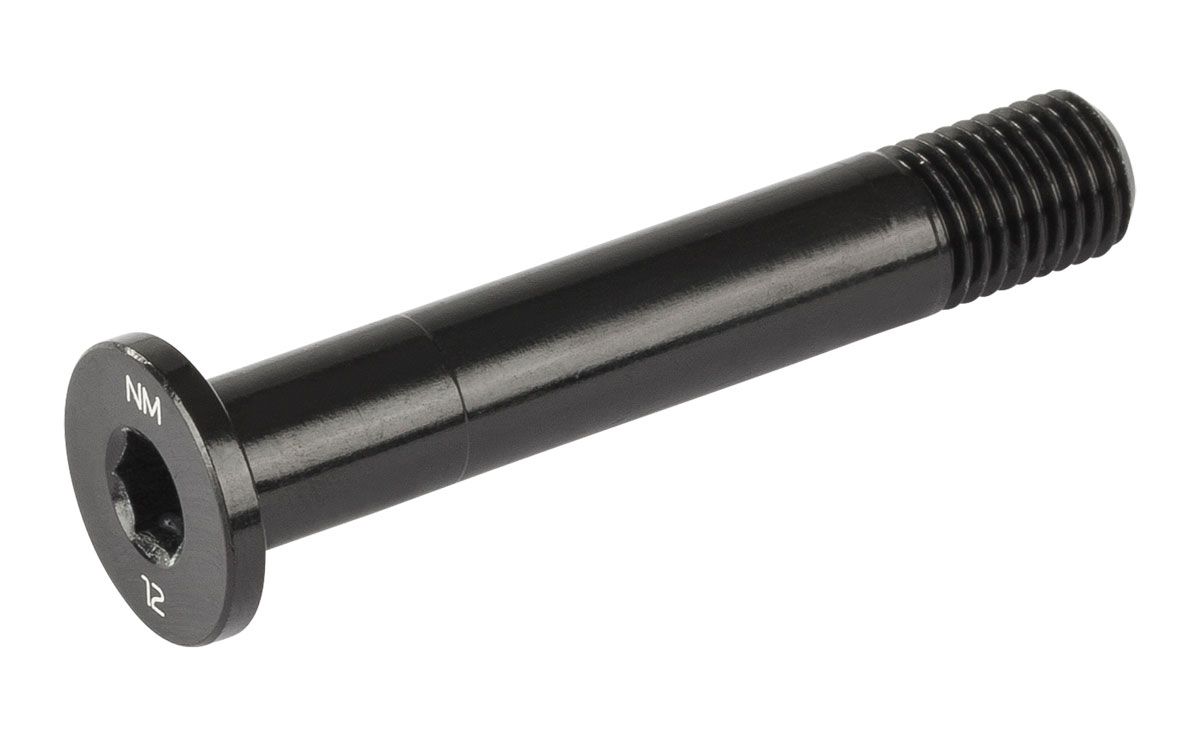 Cube Lager-/Schraubensatz Umlenkhebel Dämpfer Set Fritzz/Stereo Hybrid/Stereo kaufen | Bike-Discount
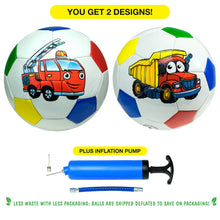 画像をギャラリービューアに読み込む, 3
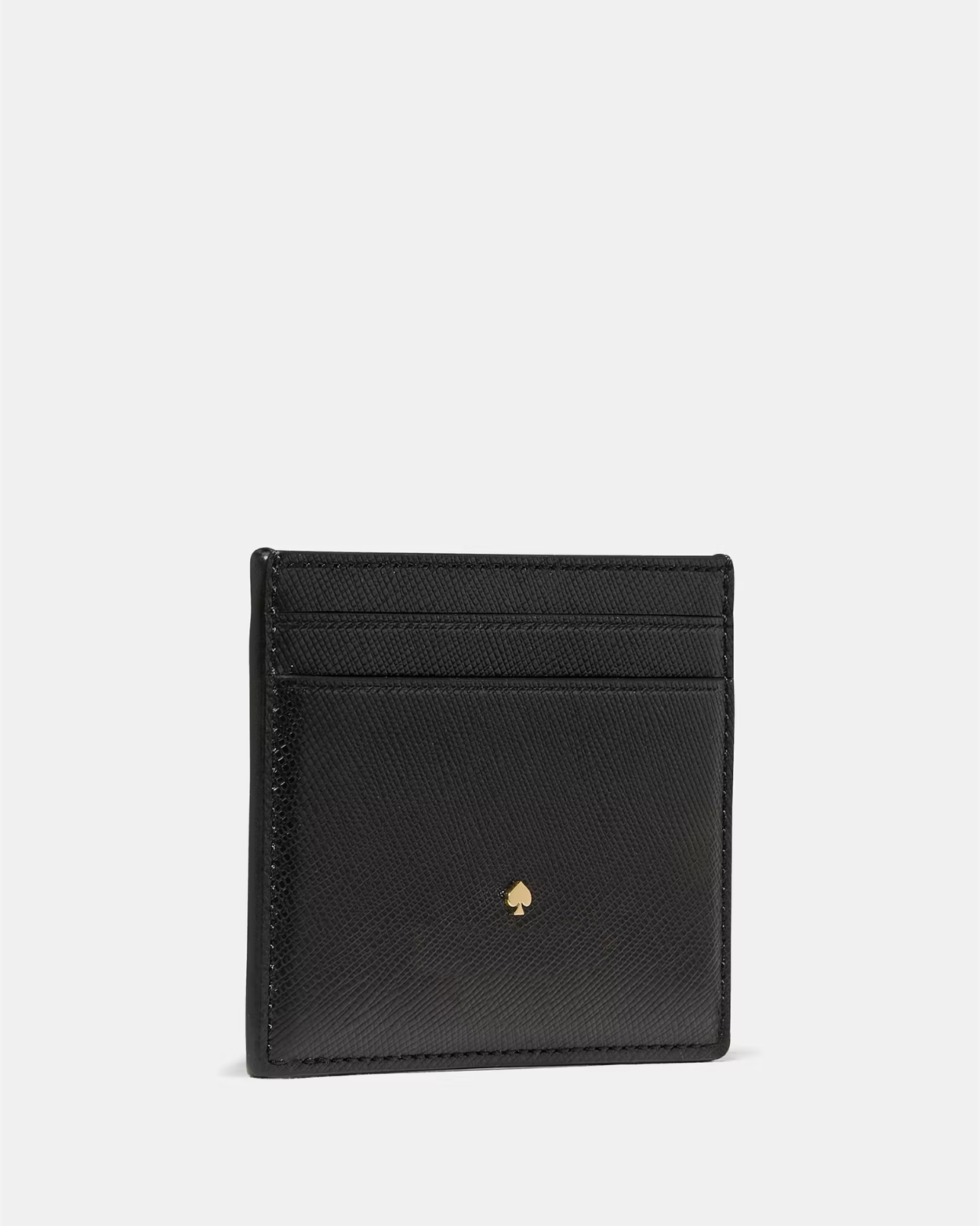 [100% Authentic or Money Back Guaranteed]  KS Small Slim Card Holder (KN760)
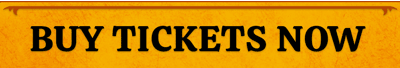 buy tickets now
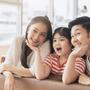 3 kiểu 'lười' của cha mẹ tưởng vô tâm nhưng lại giúp con có tương lai rực rỡ
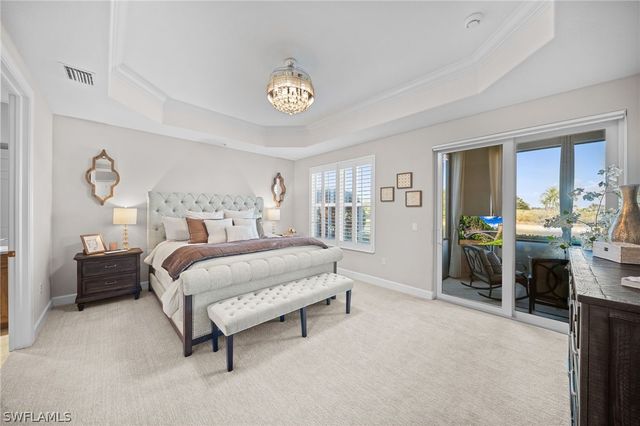 9216 Quartz LN 102, Naples, FL 34120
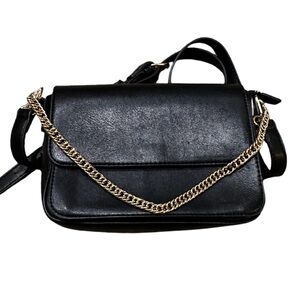 Madison West Crossbody Bag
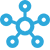 Integrazione API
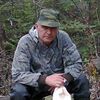 Виталий, 59, г.Советская Гавань Виталий, 59, г.Советская Гавань
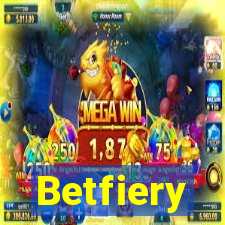 Betfiery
== == ==
◆ **Aim of the exercise**: What is needed is an exact copy of only the lines from the line containing "3 kiểu 'lười'" through the last line of the entries, inclusive, without the pictures.

◆ **Expected answer**:
 3 kiểu 'lười' của cha mẹ tưởng vô tâm nhưng lại giúp con có tương lai rực rỡ
 9216 Quartz LN 102, Naples, FL 34120
 Madison West Crossbody Bag
 Integrazione API
 Виталий, 59, г.Советская Гавань Виталий, 59, г.Советская Гавань
 Betfiery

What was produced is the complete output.